Build Predictive Machine Learning with Flink | Workshop on Dec 18 | Register Now

How Apache Kafka Enables Podium to “Ship It and See What Happens”

Written By

This a summary of Podium’s technological journey and an example of how our engineering team is tooling ourselves to scale well into the years to come. Here at Podium, we’re keenly focused on providing messaging tools to help local businesses modernize the way that they communicate with their customer base. What’s now become a full-blown end-to-end product suite servicing industries ranging anywhere from healthcare to home services started out much simpler, with business reviews management focused on automotive dealers.

What got us here won’t get us there…

In the early days, fresh out of Y Combinator, Podium frequently looked to the essays of Paul Graham as an instruction manual for how to thrive as a startup. Do Things That Don’t Scale was a fan favourite within the engineering org. That mantra evolved over time into an internally sourced one of “Ship It and See What Happens,” but the point remained the same: don’t over-engineer.

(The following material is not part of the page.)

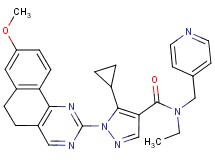 5-cyclopropyl-N-ethyl-1-(8-methoxy-5,6-dihydrobenzo[h]quinazolin-2-yl)-N-(4-pyridinylmethyl)-1H-pyrazole-4-carboxamide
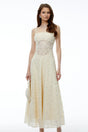 Anouk Cream Sleeveless Maxi Dress with Lace Panels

Our CTO likes to use a car analogy to describe Podium’s requisite evolution as we scale. The tooling has to change to fit the circumstances.

Then

In the early days of the company, the tech stack was akin to the composition of a Toyota Camry. The engine, transmission, axles, and brakes of a Camry are all designed to handle the low-grade stress expected to be placed upon them via the daily commute or a quick errand. Podium’s engineering “Camry” was a monolithic Rails app, single Postgres database, and outsourced DevOps.

Now

Podium’s infrastructure has evolved over the years to include a microservices architecture that runs within Kubernetes and distributed data tools like Apache Airflow and those found within the Apache Kafka® ecosystem. These tools allow us to handle the system load consisting of millions of conversations happening simultaneously on our platform. We started sprinkling in Kafka about three years ago, initially for simple queuing use cases, but it has now become a foundational piece of the infrastructure that we are using to build the engineering equivalent of a Ferrari.

Kafka use cases at Podium

Podium now uses the Kafka ecosystem everywhere within our infrastructure. Examples include:

  • Moving functionality that requires exactly-once processing guarantees away from RabbitMQ and onto Kafka
  • Building change data capture pipelines to pass data asynchronously across microservices
  • Building a dead letter queue waterfall technique into data pipelines requiring high throughput so that errant messages don’t clog the pipeline but can still be triaged later

Deep dive of a recent Kafka use case

Podium has done a great job over the years of delaying refactors until the indicators say that the performance gains from a refactoring will be worth it to our customers. We recently hit a critical mass of indicators signaling that our conversation search needed to speed up, so we put a brief hold on the existing roadmap and prioritized the refactoring at the top of the list.

The existing search infrastructure still used a Postgres read replica to query and then surface results. The result set was slow to return and oftentimes surfaced unhelpful search results for the customer. For these reasons, we wanted to move to a solution that used Elasticsearch. However, any latency in a conversation’s availability in Elasticsearch was unacceptable, so a streaming solution seemed requisite—specifically, the combination of Kafka, Kafka Connect, ksqlDB, and Kafka Streams.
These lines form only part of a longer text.